> **WHAT TO PRODUCE**: Please return each entry that follows exactly as given, but without pictures.

> **WORKING DATA**:
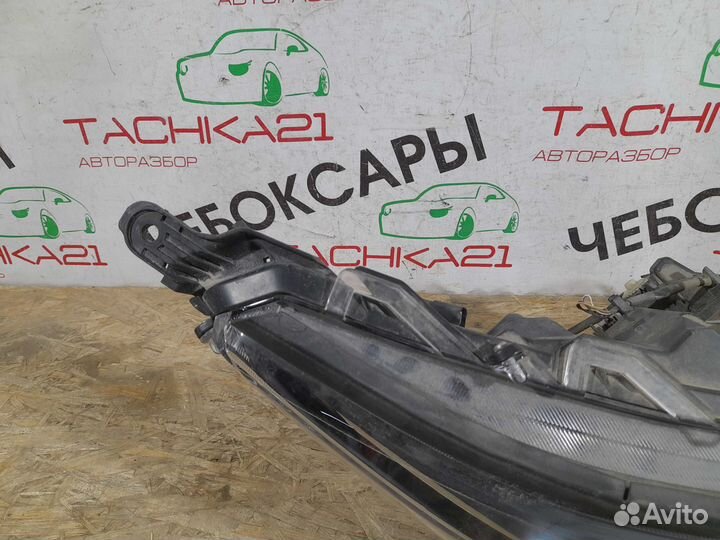 Фара правая Toyota Rav 4 XA50 (2018+)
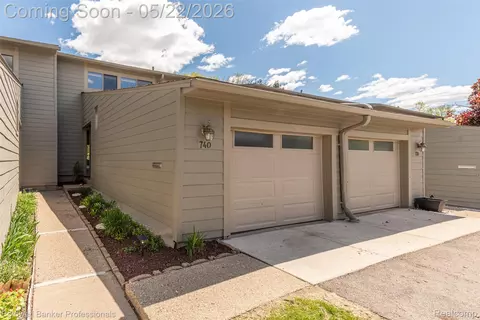 740 Peninsula Ct, Ann Arbor, MI 48105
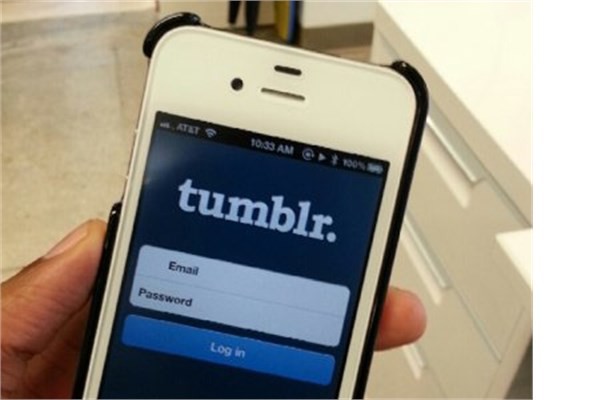 <p><b>Tumblr</b></p>  Öne çıkan ve de en fazla indirilen uygulamalardan.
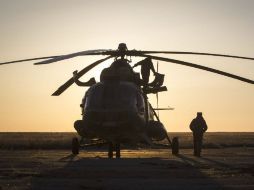 Miembros del equipo de verificación del helicóptero a su llegada a Zhezkazgan, Kazajstán. EFE /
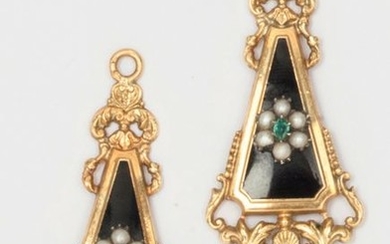 Pair of yellow gold pendants that can form...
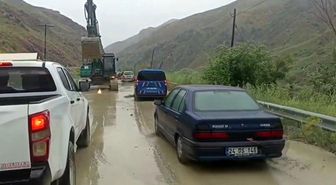 Selin kapattığı Erzincan-Kemah yolu yeniden ulaşıma açıldı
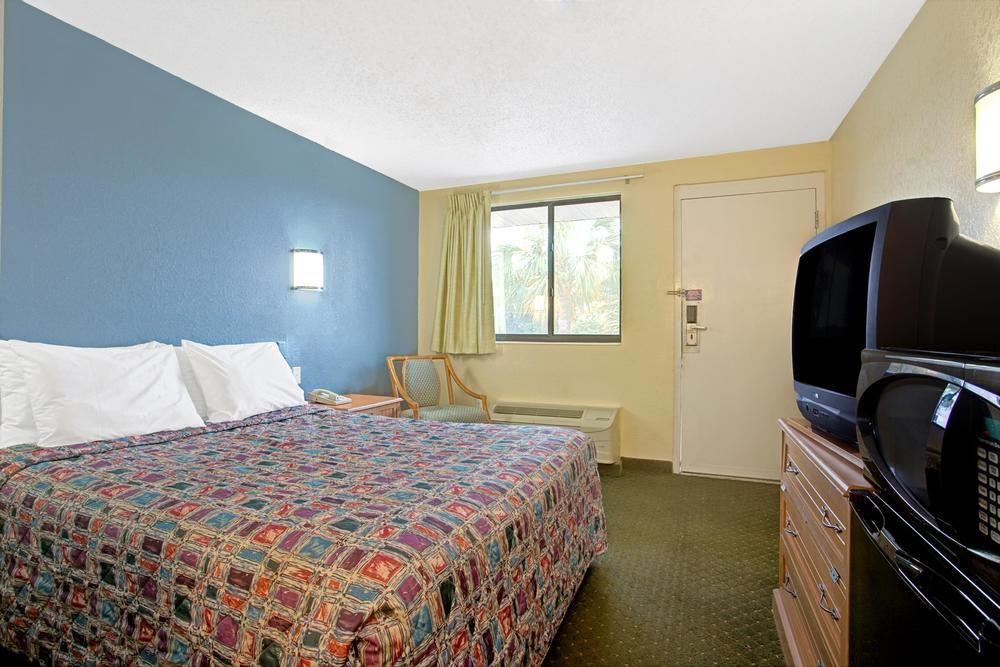 Rodeway Inn Fairgrounds-Casino Tampa Luaran gambar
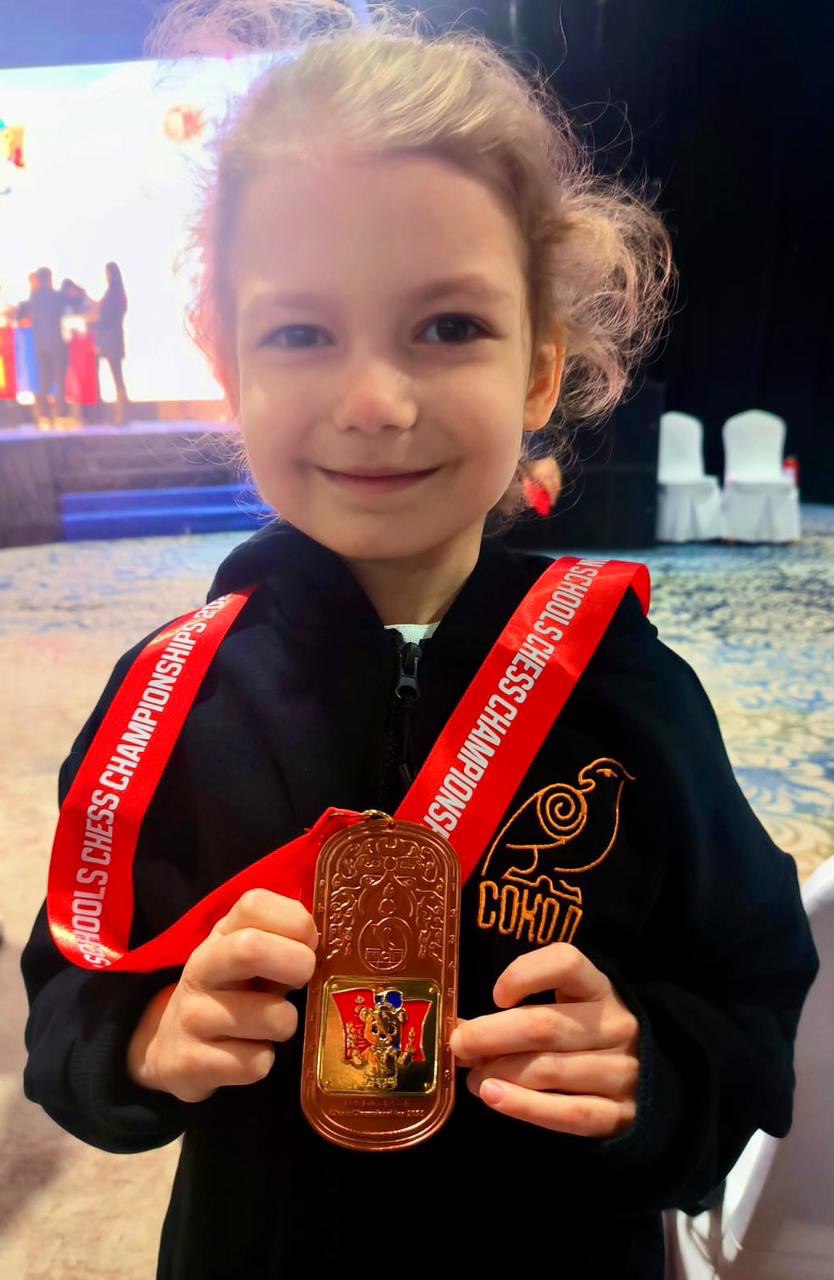 Шестилетняя ростовчанка, очаровательная Николь Травкина стала победителем XIX Первенства Азии по шахматам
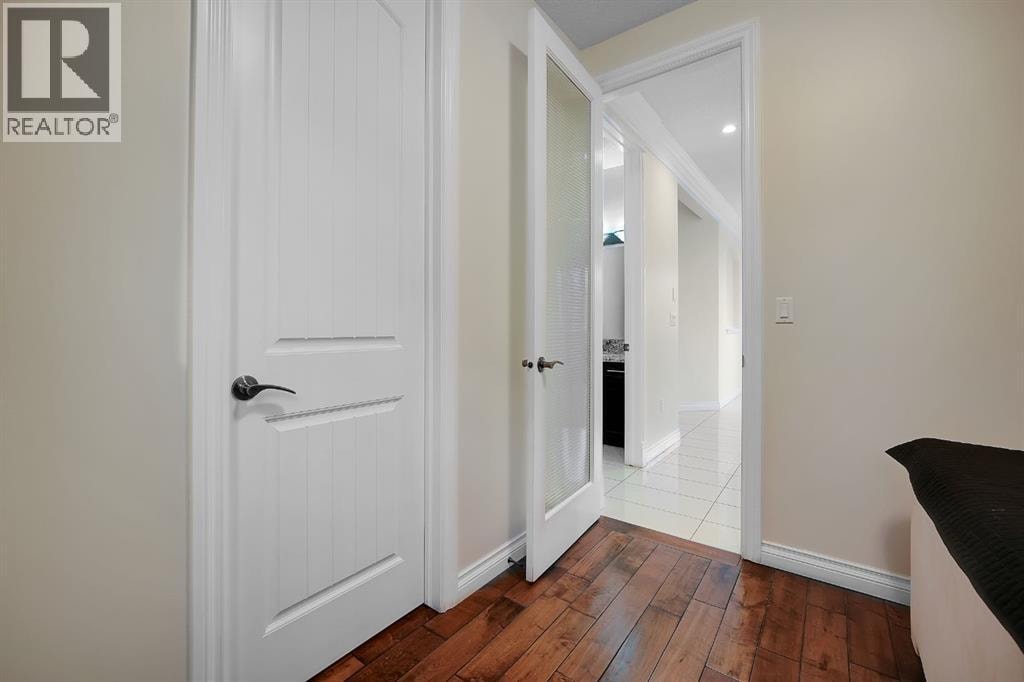 40 Baywater Court SW — photo 20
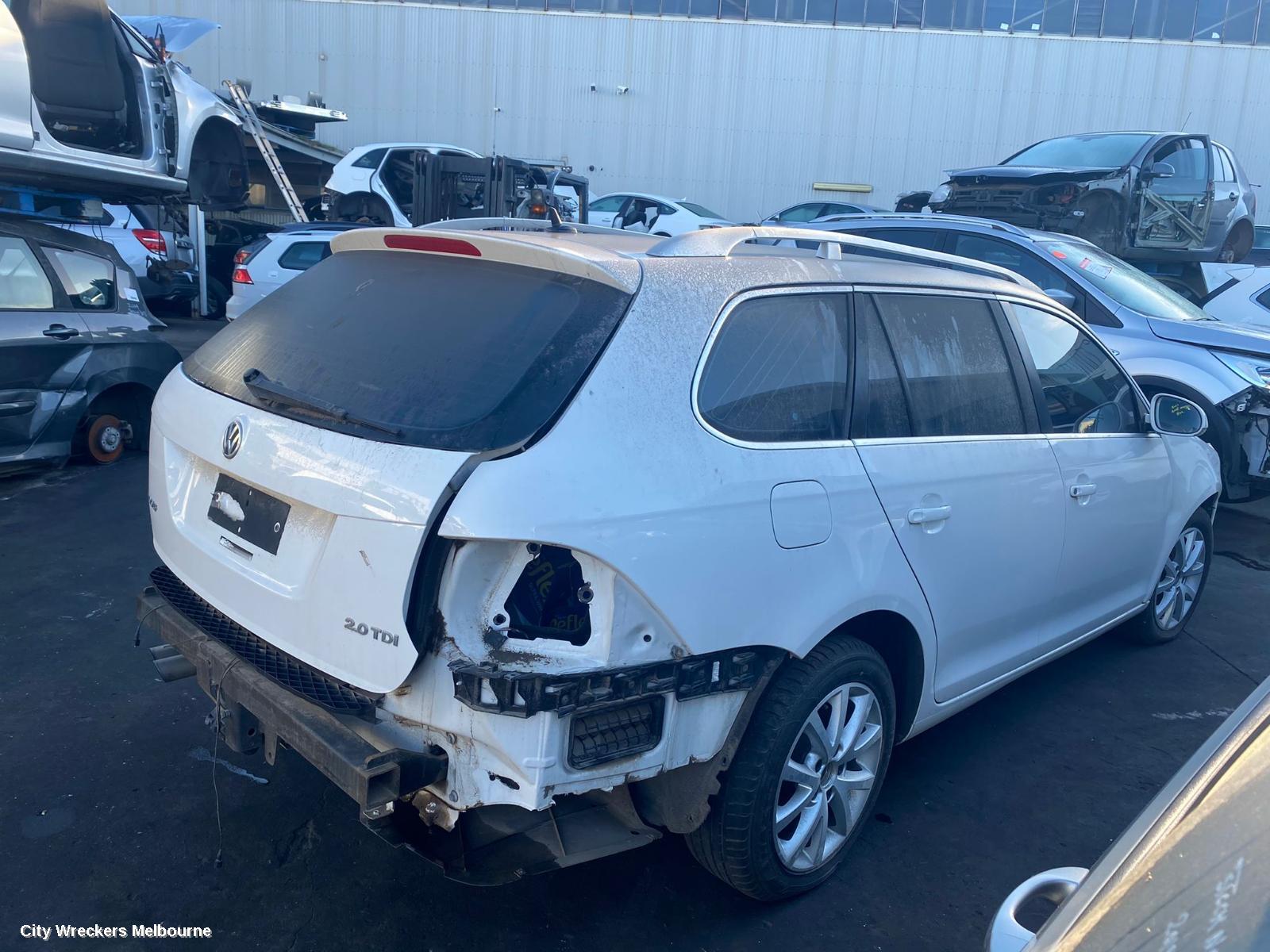 VOLKSWAGEN GOLF RIGHT REAR DOOR, GEN 6, WAGON, 09/2009 - 03/2013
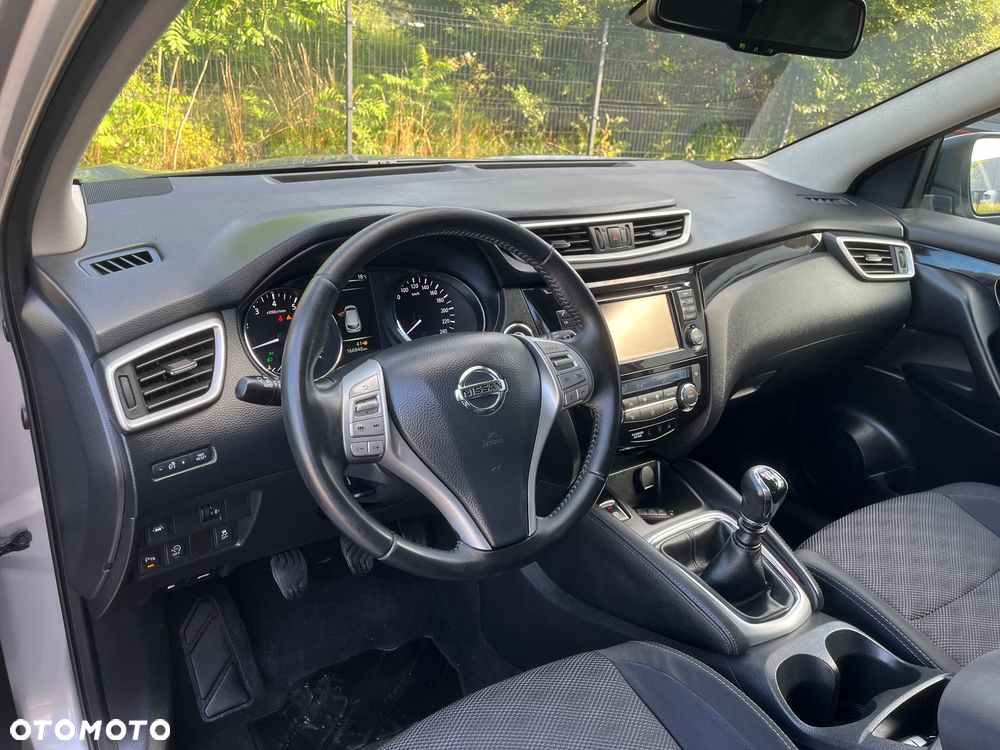 Nissan Qashqai 1.6 DIG-T N-Connecta - 17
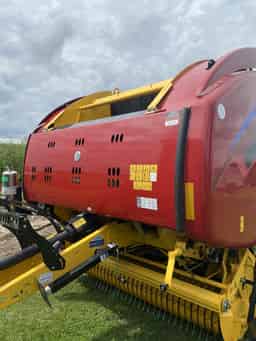 2024 New Holland Rollbelt 560 Image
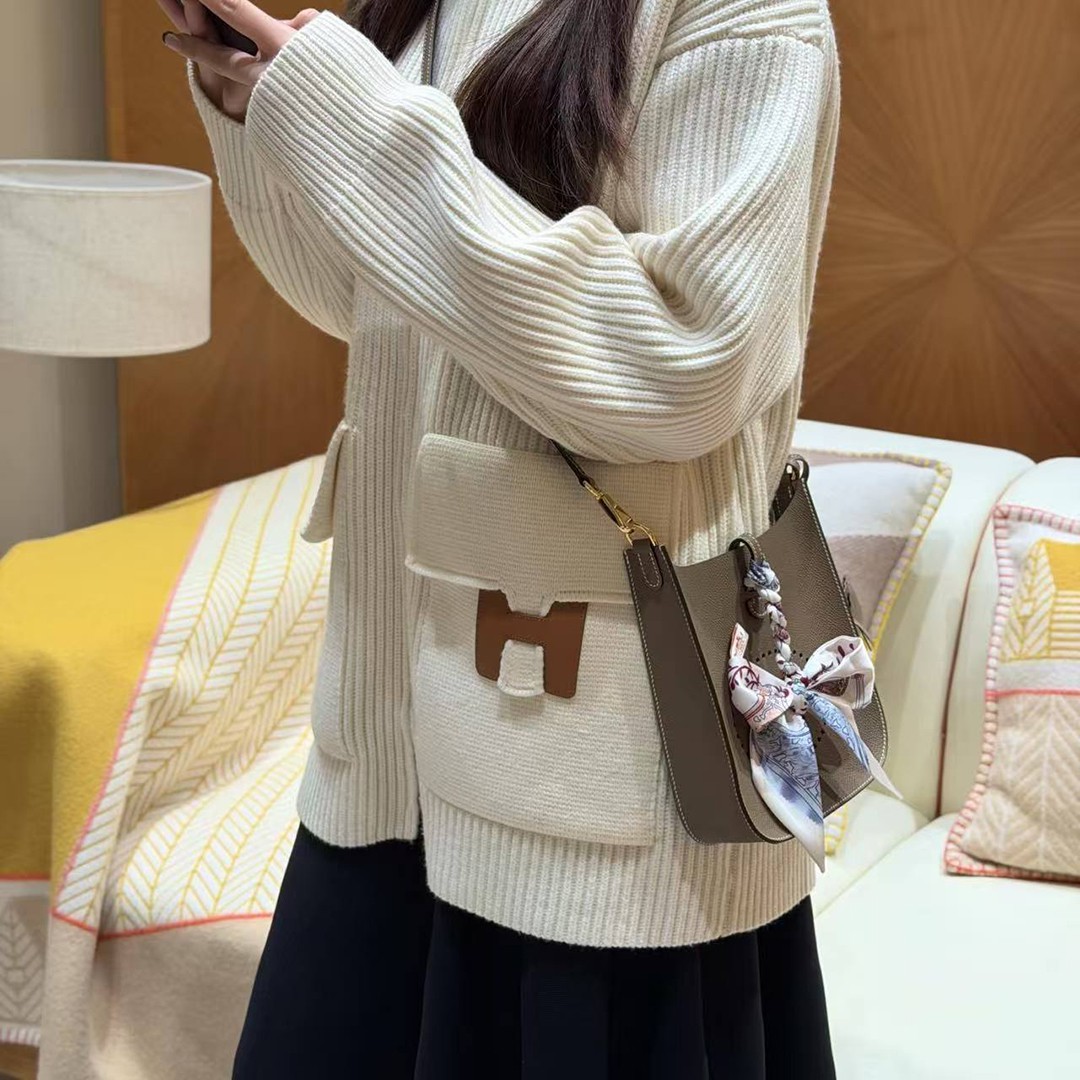 Hermes Evelyne 16 CM Bag Handmade In Epsom Calfskin Leather Gold Hardware 18 Etoupe - Image 5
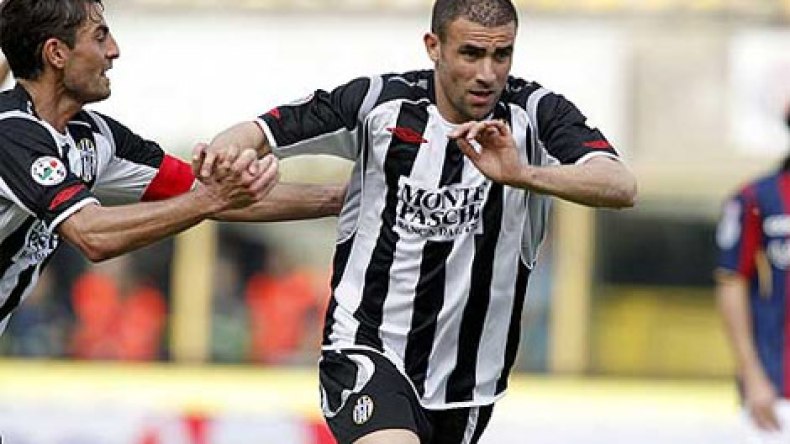 “‬المناجير‮” ‬جيوسيبي‮ ‬غالي: غزال‮ ‬يستحق‮ ‬فريقا‮ ‬أفضل‮ ‬من‮ ‬بارما‮!‬؟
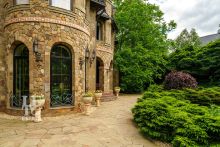 Усадьба окруженная лесом Горки-5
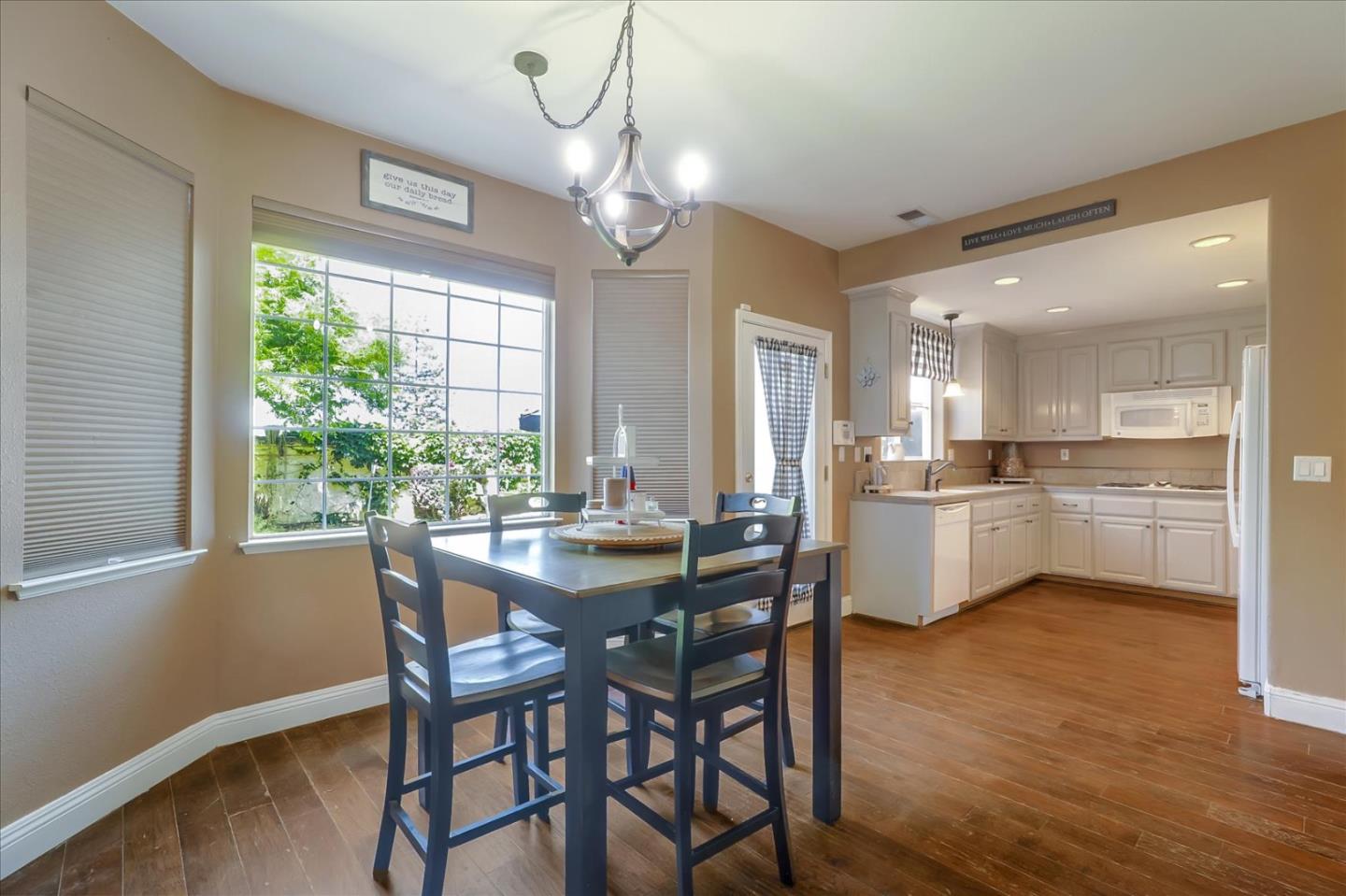 Detail Gallery Image 15 of 41 For 1760 Morning Glory Dr, Hollister,  CA 95023 - 4 Beds | 2/1 Baths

> **REPLY**:
 Фара правая Toyota Rav 4 XA50 (2018+)
 740 Peninsula Ct, Ann Arbor, MI 48105
 <p><b>Tumblr</b></p>  Öne çıkan ve de en fazla indirilen uygulamalardan.
 Miembros del equipo de verificación del helicóptero a su llegada a Zhezkazgan, Kazajstán. EFE /
 Pair of yellow gold pendants that can form...
 Selin kapattığı Erzincan-Kemah yolu yeniden ulaşıma açıldı
 Rodeway Inn Fairgrounds-Casino Tampa Luaran gambar
 Шестилетняя ростовчанка, очаровательная Николь Травкина стала победителем XIX Первенства Азии по шахматам
 40 Baywater Court SW — photo 20
 VOLKSWAGEN GOLF RIGHT REAR DOOR, GEN 6, WAGON, 09/2009 - 03/2013
 Nissan Qashqai 1.6 DIG-T N-Connecta - 17
 2024 New Holland Rollbelt 560 Image
 Hermes Evelyne 16 CM Bag Handmade In Epsom Calfskin Leather Gold Hardware 18 Etoupe - Image 5
 “‬المناجير‮” ‬جيوسيبي‮ ‬غالي: غزال‮ ‬يستحق‮ ‬فريقا‮ ‬أفضل‮ ‬من‮ ‬بارما‮!‬؟
 Усадьба окруженная лесом Горки-5
 Detail Gallery Image 15 of 41 For 1760 Morning Glory Dr, Hollister,  CA 95023 - 4 Beds | 2/1 Baths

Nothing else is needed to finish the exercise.